Can one argue as follows?:
If $x \in \mathrm{ker}(vu)$ then either $x \in \mathrm{ker}(u)$ or $u(x) \in \mathrm{ker}(v)$. Hence $$ \mathrm{dim}(\mathrm{ker(vu)}) \le \mathrm{dim}(\mathrm{ker(u)}) + \mathrm{dim}(\mathrm{ker(v)})$$
It seems to be intuitively clear but since I don't have a formal proof for the $\le$ above I am skeptical.
I'll prove slightly more
Consider commutative diagramm $$ \require{AMScd} \begin{CD} 0 @>>> X @>(\begin{smallmatrix} 1_X\\ u\end{smallmatrix})>> X\oplus Y @>\begin{pmatrix} -u\; 1_Y\end{pmatrix}>> Y @>>> 0\\ @. @VVuV @VVvu\oplus 1_YV @VVvV @.\\ 0 @>>> Y @>>(\begin{smallmatrix} v\\ 1_Y\end{smallmatrix})> Z\oplus Y @>>\begin{pmatrix} -1_Z\; v\end{pmatrix}> Z @>>> 0\\ \end{CD} $$ then by snake lemma we have the following exact sequence $$ 0\to\operatorname{ker}(u)\to\operatorname{ker}(vu)\to\operatorname{ker}(v)\to\operatorname{coker}(u)\to\operatorname{coker}(vu)\to\operatorname{coker}(v)\to 0 \tag{1} $$ Since $\operatorname{ker}(u)$, $\operatorname{coker}(u)$, $\operatorname{ker}(v)$, $\operatorname{coker}(v)$ are finite dimensional and the sequence $(1)$ is exact then $\operatorname{ker}(vu)$ and $\operatorname{coker}(vu)$ are finite dimensional too.

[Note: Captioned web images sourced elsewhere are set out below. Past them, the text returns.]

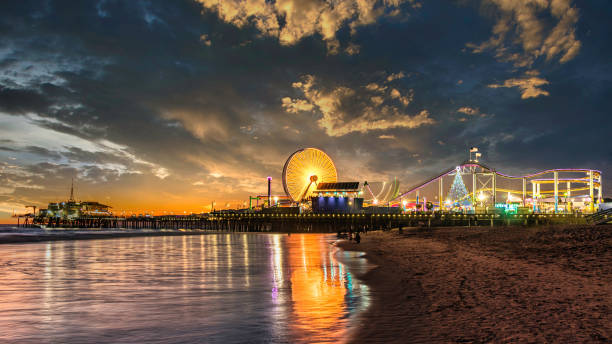 muelle de santa mónica al atardecer - santa monica pier fotos fotografías e imágenes de stock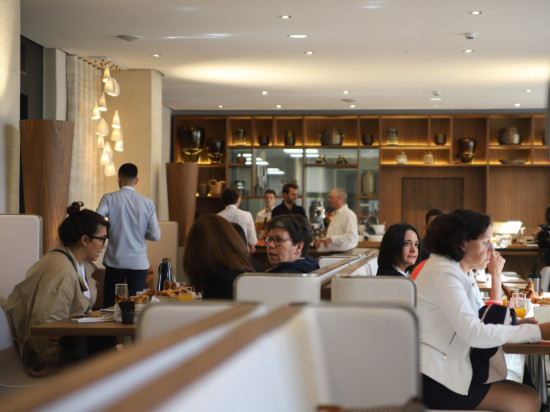 Coronavirus : Edouard Philippe annonce la fermeture de tous les restaurants, cinémas et commerces non essentiels Coronavirus : Edouard Philippe annonce la fermeture de tous les restaurants, cinémas et commerces non essentiels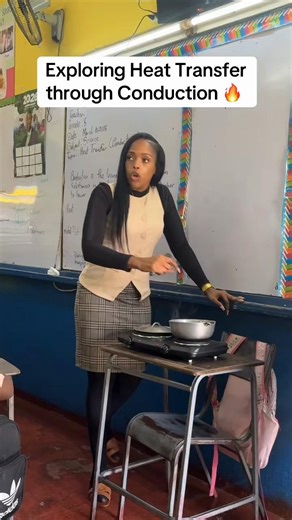 Science lesson#teachersbelike #teach #contentcreator#fy #tiktokviral | Science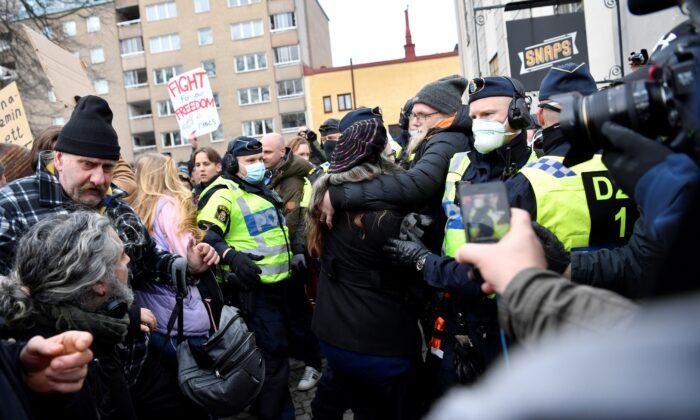 Swedish Police Break up Coronavirus Demonstration in Stockholm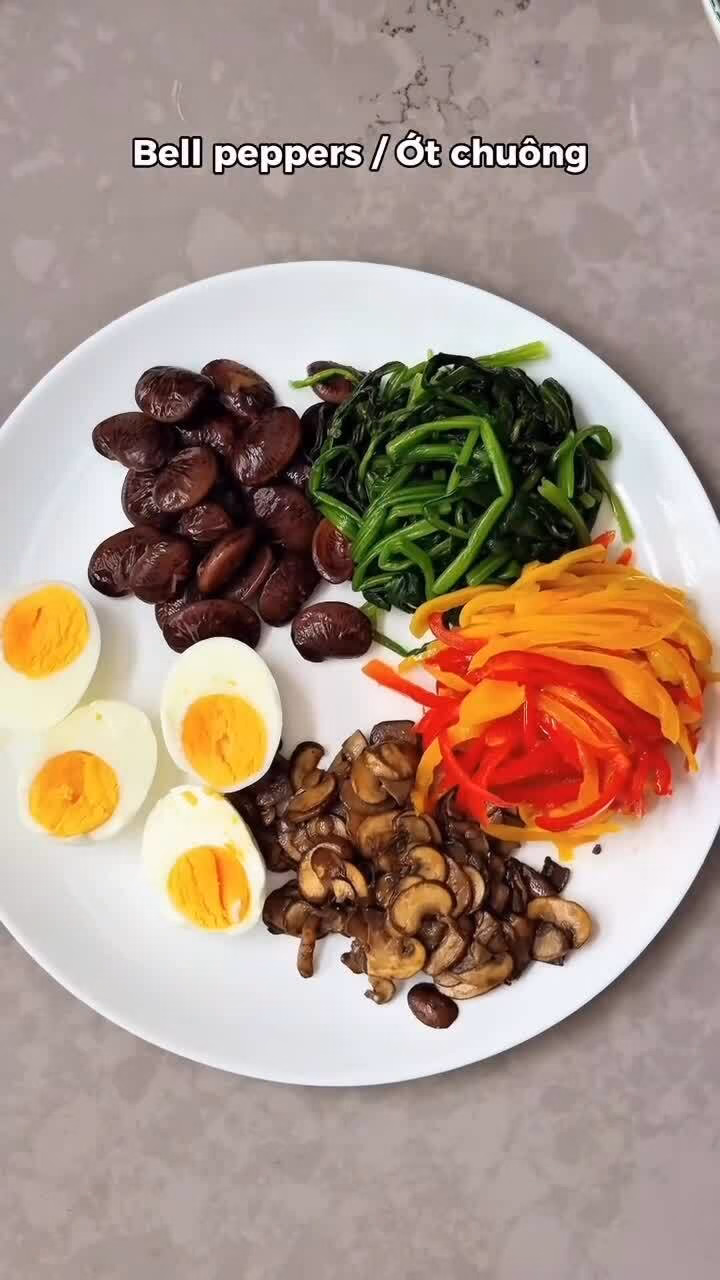 Bữa sáng giàu protein và chất xơ của Hoàng Thùy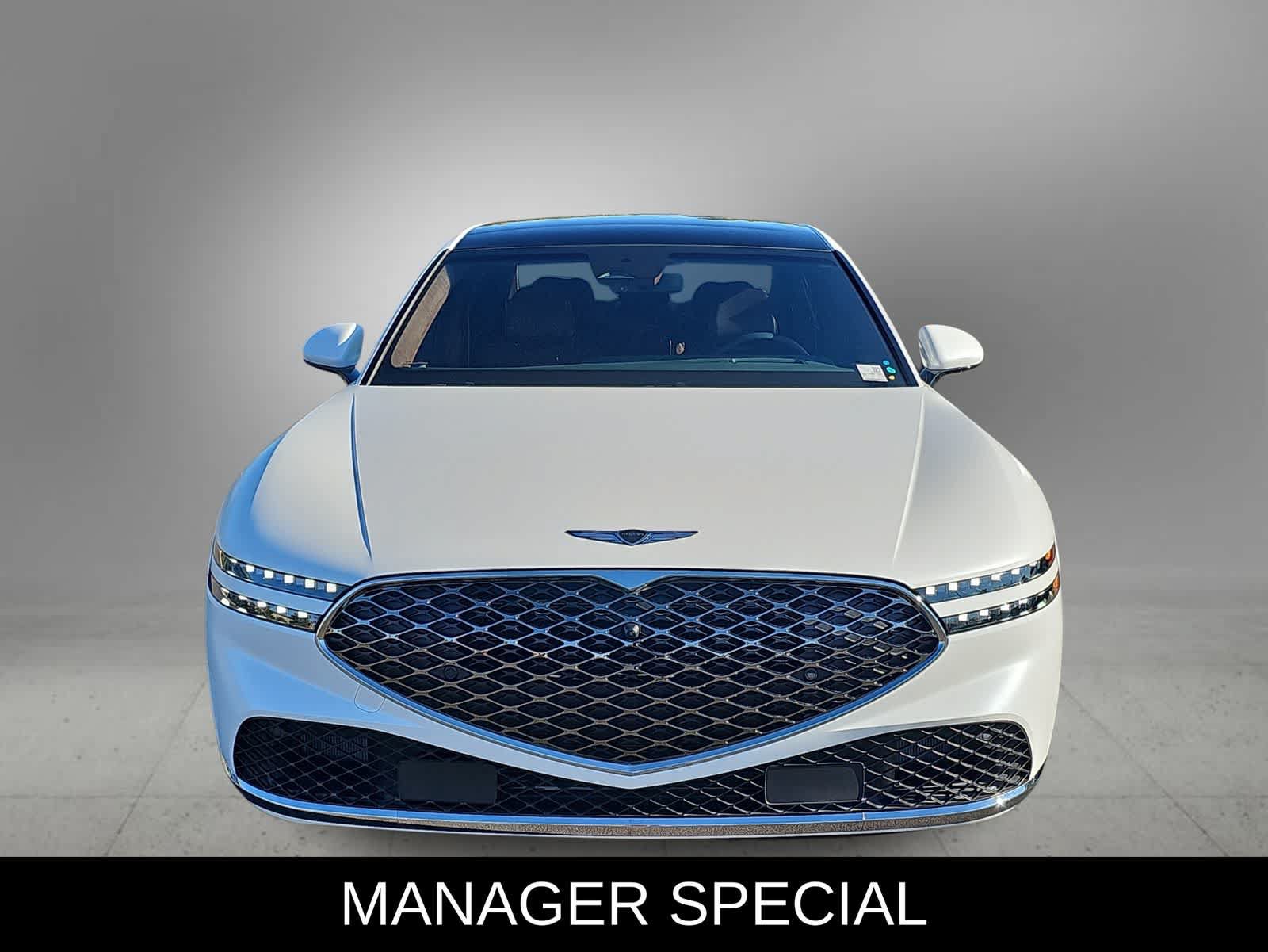 Used 2025 Genesis G90 3.5T AWD/4WD image 3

From rank nullity theorem it easily follows that for any exact sequence of finite dimensional vector spaces $$ 0\to V_0\to V_1\to\ldots\to V_{n-1}\to V_n\to 0 $$ holds $$ \sum_{i=0}^n (-1)^i \operatorname{dim}(V_i)=0 $$ Applying this theorem to $(1)$ we get $$ \operatorname{dim}\operatorname{ker}(u)- \operatorname{dim}\operatorname{ker}(vu)+ \operatorname{dim}\operatorname{ker}(v)- \operatorname{dim}\operatorname{coker}(u)+ \operatorname{dim}\operatorname{coker}(vu)- \operatorname{dim}\operatorname{coker}(v)=0 $$ Recall the definition of index $$ \operatorname{ind}(w)=\operatorname{dim}\operatorname{ker}(w)-\operatorname{dim}\operatorname{coker}(w) $$ to get $$ \operatorname{ind}(v)+\operatorname{ind}(u)-\operatorname{ind}(vu)=0 $$ The last is well known index theorem for Fredholm operators.

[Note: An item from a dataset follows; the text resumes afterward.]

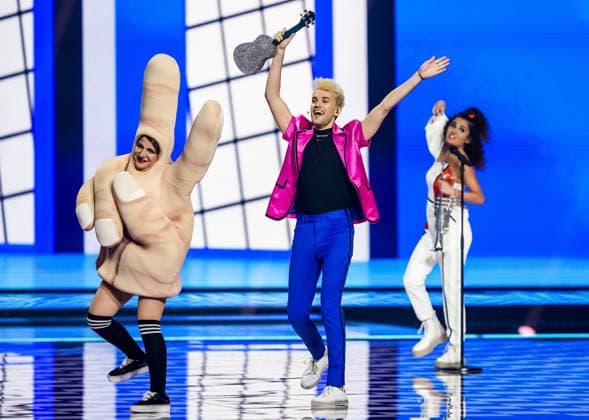Bilder des Jahres 2021, Entertainment 05 Mai Entertainment Themen der Woche KW20 Entertainment Bilder des Tages ROTTERDAM - Jendrik from Germany with the song I Don t Feel Hate during the final of the Eurovision Song Contest 2021. The song festival is organized in the Netherlands and takes place in an adapted form in Rotterdam. Due to the corona virus, only a limited number of visitors are welcome. ANP POOL SANDER KING *** ROTTERDAM Jendrik from Germany with the song I Dont Feel Hate during the final of the Eurovision Song Contest 2021 The song festival is organized in the Netherlands and takes place in an adapted form in Rotterdam Due to the corona virus, only a limited number of visitors are welcome ANP POOL SANDER KING  Copyright: xHollandsexHoogtex xxANPx x431695312x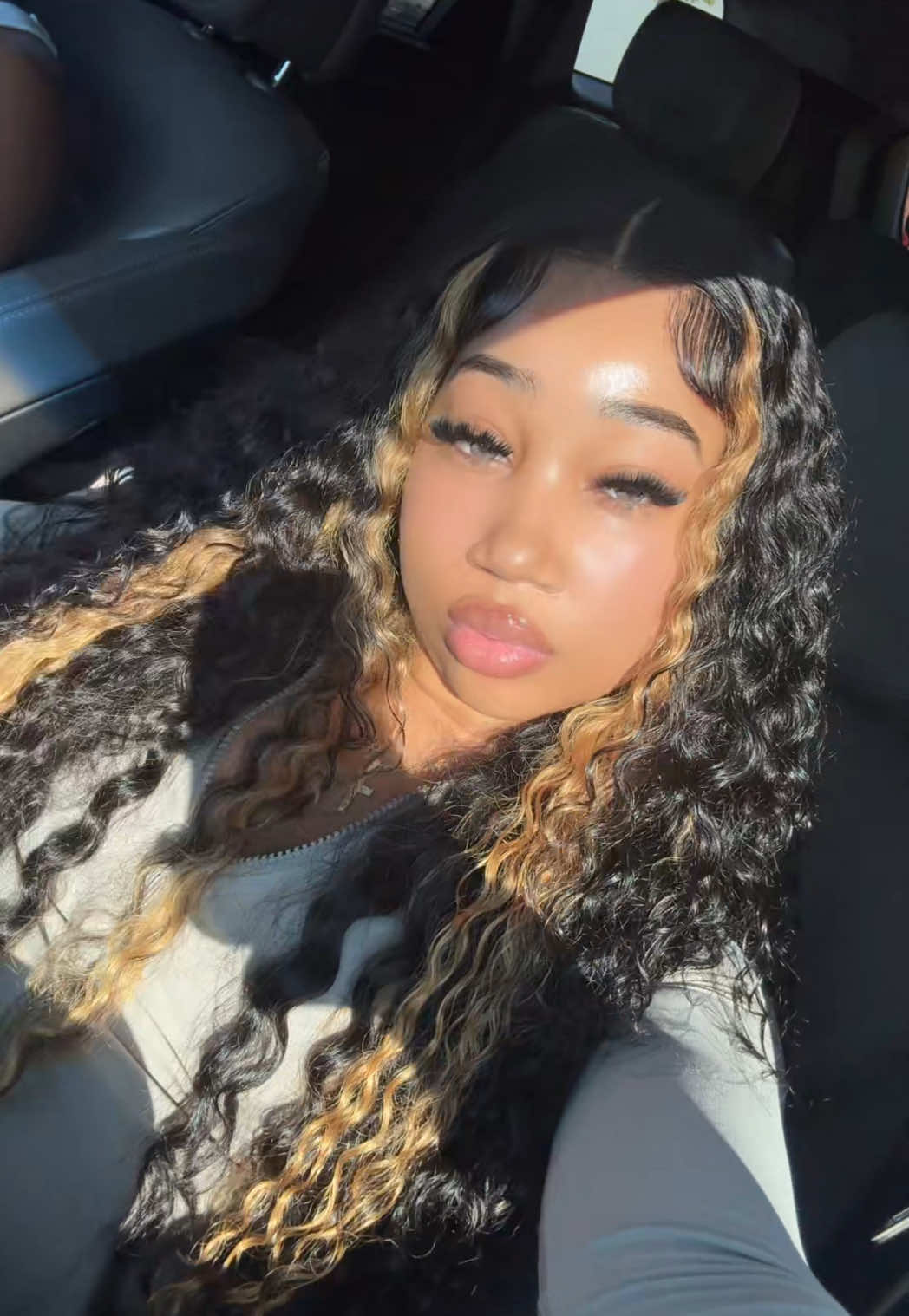 TikTok post by @r.rxyalty for Amanda Hair. Caption reads: 💗💗 @AmandaHair Official #rrxyalty #viral #fyp .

While my question is still open and I'm still wondering whether I can argue as I did in my question I came up with another way of proving it:
Note that $$0 \to \mathrm{ker}(u) \xrightarrow{i} \mathrm{ker}(vu) \xrightarrow{u}\mathrm{ker}(v) \cap u(X) \xrightarrow{v}0$$
is a short exact sequence such that $i$ has a one sided inverse. Hence by the splitting lemma $$ \mathrm{ker}(vu) = \mathrm{ker}(u) \oplus \mathrm{ker}(v) \cap u(X)$$
hence $\mathrm{ker}(vu) $ is finite dimensional.